• Description of the task: Where the records below reach the line containing "Audi A3 2026", start transcribing, and end with the line containing "Très beau soutien", exactly and with nothing else added.

##### Data excerpts

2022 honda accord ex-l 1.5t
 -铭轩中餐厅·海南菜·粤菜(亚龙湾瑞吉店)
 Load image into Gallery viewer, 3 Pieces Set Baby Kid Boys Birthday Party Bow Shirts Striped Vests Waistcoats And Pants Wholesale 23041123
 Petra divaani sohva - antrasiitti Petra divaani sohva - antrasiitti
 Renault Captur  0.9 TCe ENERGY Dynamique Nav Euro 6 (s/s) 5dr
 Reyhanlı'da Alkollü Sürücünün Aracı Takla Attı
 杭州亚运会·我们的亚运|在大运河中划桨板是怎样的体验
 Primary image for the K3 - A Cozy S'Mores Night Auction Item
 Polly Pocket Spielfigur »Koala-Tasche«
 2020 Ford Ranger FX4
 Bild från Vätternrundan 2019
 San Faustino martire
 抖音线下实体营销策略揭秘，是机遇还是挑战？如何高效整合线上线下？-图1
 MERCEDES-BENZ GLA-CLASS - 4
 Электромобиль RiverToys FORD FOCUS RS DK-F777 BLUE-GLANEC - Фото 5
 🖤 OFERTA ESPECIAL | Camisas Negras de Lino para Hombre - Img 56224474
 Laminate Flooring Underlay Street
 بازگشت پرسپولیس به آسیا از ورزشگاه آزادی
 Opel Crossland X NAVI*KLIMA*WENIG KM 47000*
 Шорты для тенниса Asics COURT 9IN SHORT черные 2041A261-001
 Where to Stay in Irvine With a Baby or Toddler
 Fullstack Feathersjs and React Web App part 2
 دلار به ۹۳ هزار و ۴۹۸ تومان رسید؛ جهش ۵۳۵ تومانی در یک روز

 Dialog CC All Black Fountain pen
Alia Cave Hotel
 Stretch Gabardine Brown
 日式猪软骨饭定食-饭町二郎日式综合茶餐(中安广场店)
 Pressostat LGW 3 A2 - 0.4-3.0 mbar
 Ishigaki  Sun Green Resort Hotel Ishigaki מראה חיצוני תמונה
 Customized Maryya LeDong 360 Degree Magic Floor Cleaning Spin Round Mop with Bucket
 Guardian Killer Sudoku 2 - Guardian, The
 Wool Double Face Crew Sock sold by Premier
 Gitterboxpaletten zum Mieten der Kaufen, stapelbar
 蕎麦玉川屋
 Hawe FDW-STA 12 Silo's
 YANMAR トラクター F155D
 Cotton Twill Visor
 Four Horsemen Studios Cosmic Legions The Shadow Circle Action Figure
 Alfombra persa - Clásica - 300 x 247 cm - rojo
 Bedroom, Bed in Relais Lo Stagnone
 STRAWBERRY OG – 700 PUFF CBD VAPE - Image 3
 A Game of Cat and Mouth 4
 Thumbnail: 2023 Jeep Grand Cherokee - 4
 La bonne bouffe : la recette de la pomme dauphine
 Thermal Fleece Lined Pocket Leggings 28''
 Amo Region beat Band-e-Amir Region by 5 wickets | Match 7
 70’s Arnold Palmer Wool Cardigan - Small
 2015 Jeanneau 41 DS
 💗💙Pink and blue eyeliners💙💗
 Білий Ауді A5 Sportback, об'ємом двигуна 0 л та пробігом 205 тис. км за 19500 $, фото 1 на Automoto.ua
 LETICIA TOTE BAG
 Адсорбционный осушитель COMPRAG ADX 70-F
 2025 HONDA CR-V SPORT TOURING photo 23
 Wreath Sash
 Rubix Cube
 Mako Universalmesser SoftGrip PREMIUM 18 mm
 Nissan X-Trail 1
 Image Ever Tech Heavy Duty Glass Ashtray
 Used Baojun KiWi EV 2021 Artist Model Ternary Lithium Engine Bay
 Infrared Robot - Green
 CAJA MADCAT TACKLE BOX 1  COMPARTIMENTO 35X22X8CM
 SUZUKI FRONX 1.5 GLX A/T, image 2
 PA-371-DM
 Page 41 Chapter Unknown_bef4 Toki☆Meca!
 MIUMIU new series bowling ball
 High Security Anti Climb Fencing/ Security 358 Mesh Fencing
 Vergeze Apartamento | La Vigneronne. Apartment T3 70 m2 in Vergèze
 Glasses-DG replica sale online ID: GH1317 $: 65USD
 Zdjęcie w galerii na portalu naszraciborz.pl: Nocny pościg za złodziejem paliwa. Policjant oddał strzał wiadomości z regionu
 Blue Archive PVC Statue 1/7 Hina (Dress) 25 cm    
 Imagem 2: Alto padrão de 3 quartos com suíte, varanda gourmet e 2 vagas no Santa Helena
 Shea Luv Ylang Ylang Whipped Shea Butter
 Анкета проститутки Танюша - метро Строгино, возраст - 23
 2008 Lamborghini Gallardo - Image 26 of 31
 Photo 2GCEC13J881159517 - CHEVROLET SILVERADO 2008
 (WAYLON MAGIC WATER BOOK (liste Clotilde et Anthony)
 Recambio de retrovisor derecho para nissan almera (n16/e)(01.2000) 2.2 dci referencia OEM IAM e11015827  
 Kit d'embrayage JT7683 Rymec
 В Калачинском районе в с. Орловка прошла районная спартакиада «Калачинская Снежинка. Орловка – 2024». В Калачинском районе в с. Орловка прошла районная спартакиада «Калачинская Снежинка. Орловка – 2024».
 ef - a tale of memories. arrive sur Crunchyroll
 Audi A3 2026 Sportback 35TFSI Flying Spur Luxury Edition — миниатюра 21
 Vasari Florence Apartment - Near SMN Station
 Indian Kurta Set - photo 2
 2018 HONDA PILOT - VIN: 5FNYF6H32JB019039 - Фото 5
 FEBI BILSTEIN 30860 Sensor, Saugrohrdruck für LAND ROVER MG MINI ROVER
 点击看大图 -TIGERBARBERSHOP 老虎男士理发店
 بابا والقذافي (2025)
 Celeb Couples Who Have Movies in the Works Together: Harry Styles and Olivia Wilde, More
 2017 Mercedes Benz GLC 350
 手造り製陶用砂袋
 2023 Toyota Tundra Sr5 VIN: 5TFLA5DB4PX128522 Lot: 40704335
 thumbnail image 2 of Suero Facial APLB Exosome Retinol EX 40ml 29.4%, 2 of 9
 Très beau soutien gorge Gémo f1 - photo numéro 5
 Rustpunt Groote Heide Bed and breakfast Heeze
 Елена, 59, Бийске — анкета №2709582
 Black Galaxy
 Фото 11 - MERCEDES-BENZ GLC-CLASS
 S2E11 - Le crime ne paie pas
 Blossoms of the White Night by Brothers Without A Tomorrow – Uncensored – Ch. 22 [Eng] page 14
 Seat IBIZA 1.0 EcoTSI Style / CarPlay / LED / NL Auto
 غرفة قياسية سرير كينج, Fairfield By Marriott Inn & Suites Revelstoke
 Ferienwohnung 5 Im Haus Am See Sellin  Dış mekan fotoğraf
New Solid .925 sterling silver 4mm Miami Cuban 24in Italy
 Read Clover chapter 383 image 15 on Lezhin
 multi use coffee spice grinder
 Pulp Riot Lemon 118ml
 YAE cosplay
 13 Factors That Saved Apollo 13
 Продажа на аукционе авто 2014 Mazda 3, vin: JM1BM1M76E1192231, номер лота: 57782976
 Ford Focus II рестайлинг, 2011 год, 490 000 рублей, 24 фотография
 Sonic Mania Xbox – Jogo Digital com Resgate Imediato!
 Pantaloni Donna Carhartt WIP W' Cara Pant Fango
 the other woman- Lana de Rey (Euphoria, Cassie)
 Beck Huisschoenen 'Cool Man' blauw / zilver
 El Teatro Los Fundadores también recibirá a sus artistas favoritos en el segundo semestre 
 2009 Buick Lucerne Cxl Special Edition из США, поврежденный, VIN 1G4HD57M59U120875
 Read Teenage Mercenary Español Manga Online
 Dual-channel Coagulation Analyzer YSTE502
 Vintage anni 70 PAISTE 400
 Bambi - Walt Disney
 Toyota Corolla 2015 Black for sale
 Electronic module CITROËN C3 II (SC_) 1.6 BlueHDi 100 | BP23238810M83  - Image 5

##########

• Result:
 Audi A3 2026 Sportback 35TFSI Flying Spur Luxury Edition — миниатюра 21
 Vasari Florence Apartment - Near SMN Station
 Indian Kurta Set - photo 2
 2018 HONDA PILOT - VIN: 5FNYF6H32JB019039 - Фото 5
 FEBI BILSTEIN 30860 Sensor, Saugrohrdruck für LAND ROVER MG MINI ROVER
 点击看大图 -TIGERBARBERSHOP 老虎男士理发店
 بابا والقذافي (2025)
 Celeb Couples Who Have Movies in the Works Together: Harry Styles and Olivia Wilde, More
 2017 Mercedes Benz GLC 350
 手造り製陶用砂袋
 2023 Toyota Tundra Sr5 VIN: 5TFLA5DB4PX128522 Lot: 40704335
 thumbnail image 2 of Suero Facial APLB Exosome Retinol EX 40ml 29.4%, 2 of 9
 Très beau soutien gorge Gémo f1 - photo numéro 5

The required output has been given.